“Halloween afternoon; a small town; most of the store windows decorated with gravestones, witches, devils, and ghosts. Childish drawing. A little girl dressed as a rabbit being led across the street by her mother. A little boy in his mother’s skirts and shoes, his face smeared with her lipstick, leaning against a lamppost. The excitement of a holiday.”

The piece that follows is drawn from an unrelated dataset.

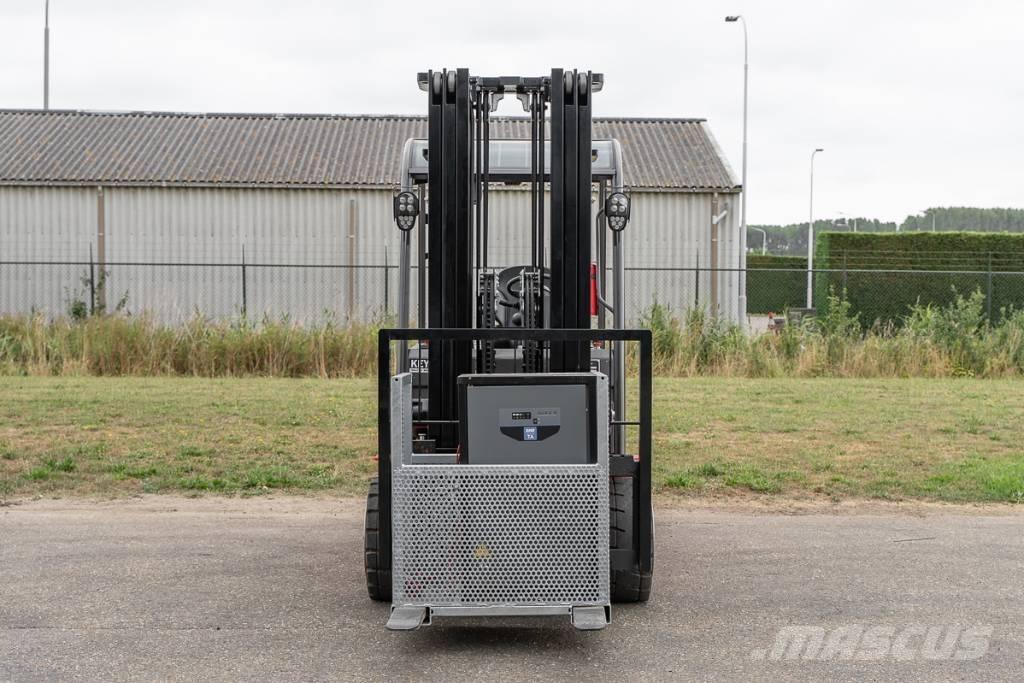 Manitou ME 435 Elektriniai šakiniai krautuvai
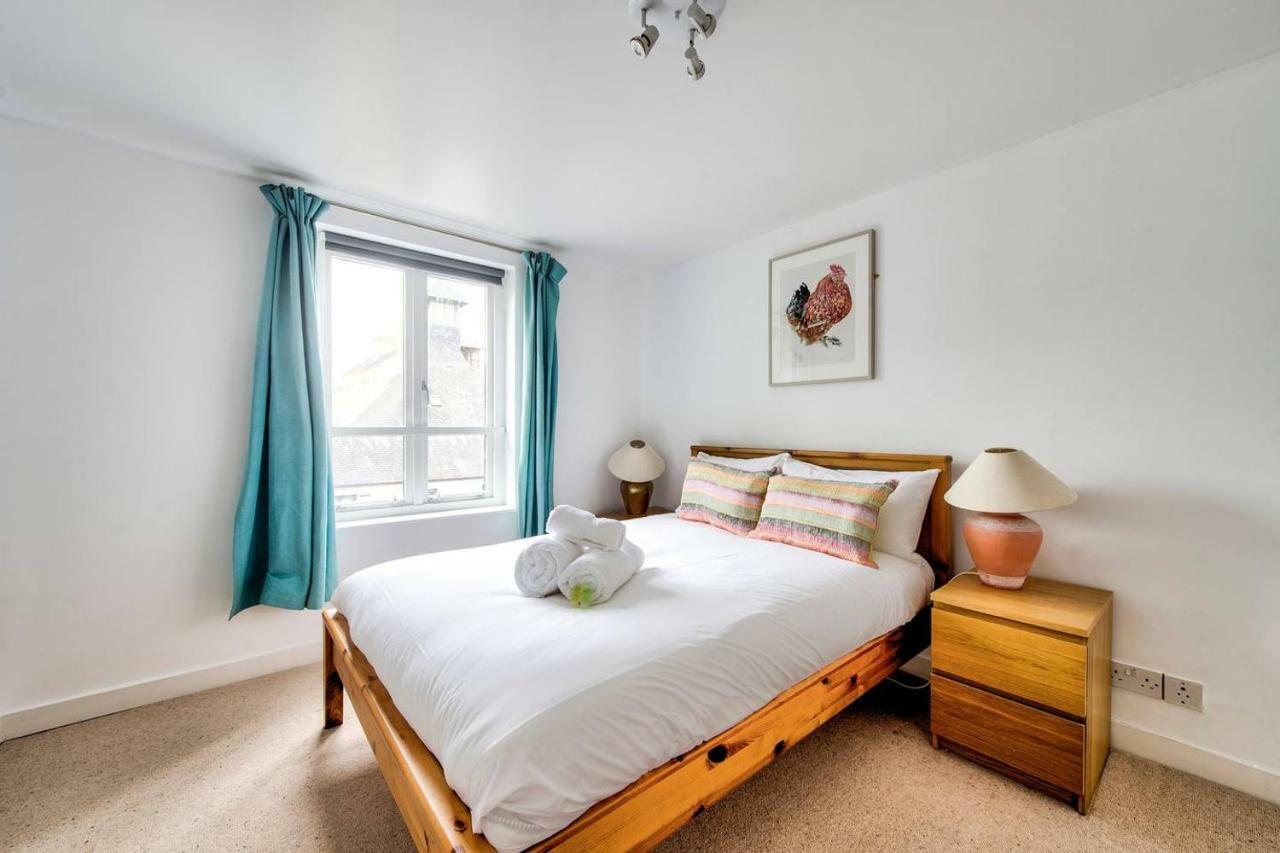 Altido Ultra Stylish Calton Road Apt W/ Parking Apartment Edinburgh Bagian luar foto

Halloween was the third of the Big Three holidays when I was a kid, judged by the intensity
of our anticipation and greed. In order: Christmas, Birthday, Halloween, with
St. Valentine’s Day a distant fourth (for the candy, not love). One year my
parents went to a costume party. My mother rented a rabbit costume. My father
wore his old Ike jacket, holstered .45 and fake beard, and went as Fidel
Castro.
“After dark,
children approaching lighted doors. A trick or treat. At ten or eleven a cold
rain established itself firmly.”
We were home
long before that. An old lady down the block dropped pennies in our sacks. A
man two blocks away gave out small promotional loaves of Wonder Bread. No one
worried about needles in candy bars or Seconal capsules handed out like
jellybeans. One year, some older kid dropped a firecracker into a friend’s trick-or-treat
bag, blowing out the bottom and spewing candy on the sidewalk.
“[The rain]
fell on the quick and the dead and the unborn. What a profound pleasure I took
in hearing it fall. How clearly I saw the complexity of the ground where it
fell; dry leaves, curved leaves, hair moss and partridgeberry.”
The quoted
passages are from a 1952 entry in The
Journals of John Cheever (1991). In his story “Artemis, the Honest
Well-Digger” (published in the January 1972 issue of Playboy), the title character writes in a letter to a woman in the
Soviet Union:
“Tonight is
Halloween. I don’t suppose you have that is Russia. It is the night when the
dead are supposed to arise, although they don’t, of course, but children wander
around the streets disguised as ghosts and skeletons and devils and you give
them candy and pennies. Please come to my country and marry me.”
My maternal grandmother was a penny-giver. She saved them up in a big jar all year. Each kid got 2 cents for Halloween. At least in my part of the world, if you tried to give pennies these days you'd probably get your house egged.